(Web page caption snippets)
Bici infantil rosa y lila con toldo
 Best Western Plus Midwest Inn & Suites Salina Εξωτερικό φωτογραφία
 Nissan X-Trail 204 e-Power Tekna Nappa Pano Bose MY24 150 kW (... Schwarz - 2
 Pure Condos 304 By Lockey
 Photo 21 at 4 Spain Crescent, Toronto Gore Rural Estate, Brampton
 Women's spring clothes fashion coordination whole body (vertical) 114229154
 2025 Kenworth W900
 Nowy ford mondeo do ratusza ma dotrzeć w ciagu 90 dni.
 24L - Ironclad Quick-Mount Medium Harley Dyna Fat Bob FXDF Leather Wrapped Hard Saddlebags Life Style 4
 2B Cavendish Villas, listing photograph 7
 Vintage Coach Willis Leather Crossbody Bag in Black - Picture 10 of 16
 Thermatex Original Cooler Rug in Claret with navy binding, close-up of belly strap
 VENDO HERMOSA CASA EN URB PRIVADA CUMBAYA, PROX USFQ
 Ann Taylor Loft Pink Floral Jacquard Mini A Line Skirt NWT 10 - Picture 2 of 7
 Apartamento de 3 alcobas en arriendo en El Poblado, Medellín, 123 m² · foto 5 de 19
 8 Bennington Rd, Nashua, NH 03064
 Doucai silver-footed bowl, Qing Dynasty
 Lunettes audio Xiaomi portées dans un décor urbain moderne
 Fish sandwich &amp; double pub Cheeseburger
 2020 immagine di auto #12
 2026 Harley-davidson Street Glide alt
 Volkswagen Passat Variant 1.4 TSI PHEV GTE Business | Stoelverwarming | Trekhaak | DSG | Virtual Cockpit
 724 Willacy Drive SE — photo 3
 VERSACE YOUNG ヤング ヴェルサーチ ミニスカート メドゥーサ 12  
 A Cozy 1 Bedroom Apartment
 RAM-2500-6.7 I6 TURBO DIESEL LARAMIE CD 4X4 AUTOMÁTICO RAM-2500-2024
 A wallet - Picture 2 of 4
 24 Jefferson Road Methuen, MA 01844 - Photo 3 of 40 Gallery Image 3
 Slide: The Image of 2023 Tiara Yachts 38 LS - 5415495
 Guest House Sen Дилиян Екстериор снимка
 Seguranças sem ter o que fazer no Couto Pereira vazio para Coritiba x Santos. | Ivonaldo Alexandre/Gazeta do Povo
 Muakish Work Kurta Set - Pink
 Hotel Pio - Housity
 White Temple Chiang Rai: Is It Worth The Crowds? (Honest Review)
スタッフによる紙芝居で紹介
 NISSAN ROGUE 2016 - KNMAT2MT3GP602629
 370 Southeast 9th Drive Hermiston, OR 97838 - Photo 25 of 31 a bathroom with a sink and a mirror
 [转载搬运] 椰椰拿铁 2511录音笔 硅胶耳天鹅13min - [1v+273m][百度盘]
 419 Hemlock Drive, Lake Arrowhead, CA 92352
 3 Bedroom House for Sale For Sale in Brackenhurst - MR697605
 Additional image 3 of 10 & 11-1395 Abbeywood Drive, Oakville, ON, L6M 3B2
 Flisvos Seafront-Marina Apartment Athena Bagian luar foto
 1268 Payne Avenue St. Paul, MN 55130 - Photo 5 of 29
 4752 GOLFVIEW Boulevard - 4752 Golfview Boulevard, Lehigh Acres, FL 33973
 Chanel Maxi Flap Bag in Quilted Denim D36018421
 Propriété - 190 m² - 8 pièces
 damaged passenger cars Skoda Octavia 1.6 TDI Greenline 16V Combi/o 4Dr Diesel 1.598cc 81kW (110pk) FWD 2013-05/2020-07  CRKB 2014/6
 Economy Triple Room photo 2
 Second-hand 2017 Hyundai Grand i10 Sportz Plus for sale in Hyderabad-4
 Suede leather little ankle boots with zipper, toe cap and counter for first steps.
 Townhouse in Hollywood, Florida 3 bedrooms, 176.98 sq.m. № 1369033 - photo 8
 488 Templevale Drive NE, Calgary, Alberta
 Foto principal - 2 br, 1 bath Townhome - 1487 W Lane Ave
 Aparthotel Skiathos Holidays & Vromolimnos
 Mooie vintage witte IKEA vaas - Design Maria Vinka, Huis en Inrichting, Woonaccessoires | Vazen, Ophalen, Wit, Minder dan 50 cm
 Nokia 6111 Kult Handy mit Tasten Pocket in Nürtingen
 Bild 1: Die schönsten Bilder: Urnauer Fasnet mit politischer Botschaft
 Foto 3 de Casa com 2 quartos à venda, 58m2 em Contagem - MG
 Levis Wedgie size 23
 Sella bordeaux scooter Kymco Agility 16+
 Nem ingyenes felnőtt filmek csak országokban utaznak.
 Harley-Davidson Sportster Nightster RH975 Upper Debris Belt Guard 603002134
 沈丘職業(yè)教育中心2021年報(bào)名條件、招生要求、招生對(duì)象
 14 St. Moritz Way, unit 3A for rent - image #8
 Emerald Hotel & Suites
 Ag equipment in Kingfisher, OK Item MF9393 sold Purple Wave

*TASK STATEMENT*:
The entries above are to be transcribed in full and without error.

*ANSWER SECTION*:
Bici infantil rosa y lila con toldo
 Best Western Plus Midwest Inn & Suites Salina Εξωτερικό φωτογραφία
 Nissan X-Trail 204 e-Power Tekna Nappa Pano Bose MY24 150 kW (... Schwarz - 2
 Pure Condos 304 By Lockey
 Photo 21 at 4 Spain Crescent, Toronto Gore Rural Estate, Brampton
 Women's spring clothes fashion coordination whole body (vertical) 114229154
 2025 Kenworth W900
 Nowy ford mondeo do ratusza ma dotrzeć w ciagu 90 dni.
 24L - Ironclad Quick-Mount Medium Harley Dyna Fat Bob FXDF Leather Wrapped Hard Saddlebags Life Style 4
 2B Cavendish Villas, listing photograph 7
 Vintage Coach Willis Leather Crossbody Bag in Black - Picture 10 of 16
 Thermatex Original Cooler Rug in Claret with navy binding, close-up of belly strap
 VENDO HERMOSA CASA EN URB PRIVADA CUMBAYA, PROX USFQ
 Ann Taylor Loft Pink Floral Jacquard Mini A Line Skirt NWT 10 - Picture 2 of 7
 Apartamento de 3 alcobas en arriendo en El Poblado, Medellín, 123 m² · foto 5 de 19
 8 Bennington Rd, Nashua, NH 03064
 Doucai silver-footed bowl, Qing Dynasty
 Lunettes audio Xiaomi portées dans un décor urbain moderne
 Fish sandwich &amp; double pub Cheeseburger
 2020 immagine di auto #12
 2026 Harley-davidson Street Glide alt
 Volkswagen Passat Variant 1.4 TSI PHEV GTE Business | Stoelverwarming | Trekhaak | DSG | Virtual Cockpit
 724 Willacy Drive SE — photo 3
 VERSACE YOUNG ヤング ヴェルサーチ ミニスカート メドゥーサ 12  
 A Cozy 1 Bedroom Apartment
 RAM-2500-6.7 I6 TURBO DIESEL LARAMIE CD 4X4 AUTOMÁTICO RAM-2500-2024
 A wallet - Picture 2 of 4
 24 Jefferson Road Methuen, MA 01844 - Photo 3 of 40 Gallery Image 3
 Slide: The Image of 2023 Tiara Yachts 38 LS - 5415495
 Guest House Sen Дилиян Екстериор снимка
 Seguranças sem ter o que fazer no Couto Pereira vazio para Coritiba x Santos. | Ivonaldo Alexandre/Gazeta do Povo
 Muakish Work Kurta Set - Pink
 Hotel Pio - Housity
 White Temple Chiang Rai: Is It Worth The Crowds? (Honest Review)
スタッフによる紙芝居で紹介
 NISSAN ROGUE 2016 - KNMAT2MT3GP602629
 370 Southeast 9th Drive Hermiston, OR 97838 - Photo 25 of 31 a bathroom with a sink and a mirror
 [转载搬运] 椰椰拿铁 2511录音笔 硅胶耳天鹅13min - [1v+273m][百度盘]
 419 Hemlock Drive, Lake Arrowhead, CA 92352
 3 Bedroom House for Sale For Sale in Brackenhurst - MR697605
 Additional image 3 of 10 & 11-1395 Abbeywood Drive, Oakville, ON, L6M 3B2
 Flisvos Seafront-Marina Apartment Athena Bagian luar foto
 1268 Payne Avenue St. Paul, MN 55130 - Photo 5 of 29
 4752 GOLFVIEW Boulevard - 4752 Golfview Boulevard, Lehigh Acres, FL 33973
 Chanel Maxi Flap Bag in Quilted Denim D36018421
 Propriété - 190 m² - 8 pièces
 damaged passenger cars Skoda Octavia 1.6 TDI Greenline 16V Combi/o 4Dr Diesel 1.598cc 81kW (110pk) FWD 2013-05/2020-07  CRKB 2014/6
 Economy Triple Room photo 2
 Second-hand 2017 Hyundai Grand i10 Sportz Plus for sale in Hyderabad-4
 Suede leather little ankle boots with zipper, toe cap and counter for first steps.
 Townhouse in Hollywood, Florida 3 bedrooms, 176.98 sq.m. № 1369033 - photo 8
 488 Templevale Drive NE, Calgary, Alberta
 Foto principal - 2 br, 1 bath Townhome - 1487 W Lane Ave
 Aparthotel Skiathos Holidays & Vromolimnos
 Mooie vintage witte IKEA vaas - Design Maria Vinka, Huis en Inrichting, Woonaccessoires | Vazen, Ophalen, Wit, Minder dan 50 cm
 Nokia 6111 Kult Handy mit Tasten Pocket in Nürtingen
 Bild 1: Die schönsten Bilder: Urnauer Fasnet mit politischer Botschaft
 Foto 3 de Casa com 2 quartos à venda, 58m2 em Contagem - MG
 Levis Wedgie size 23
 Sella bordeaux scooter Kymco Agility 16+
 Nem ingyenes felnőtt filmek csak országokban utaznak.
 Harley-Davidson Sportster Nightster RH975 Upper Debris Belt Guard 603002134
 沈丘職業(yè)教育中心2021年報(bào)名條件、招生要求、招生對(duì)象
 14 St. Moritz Way, unit 3A for rent - image #8
 Emerald Hotel & Suites
 Ag equipment in Kingfisher, OK Item MF9393 sold Purple Wave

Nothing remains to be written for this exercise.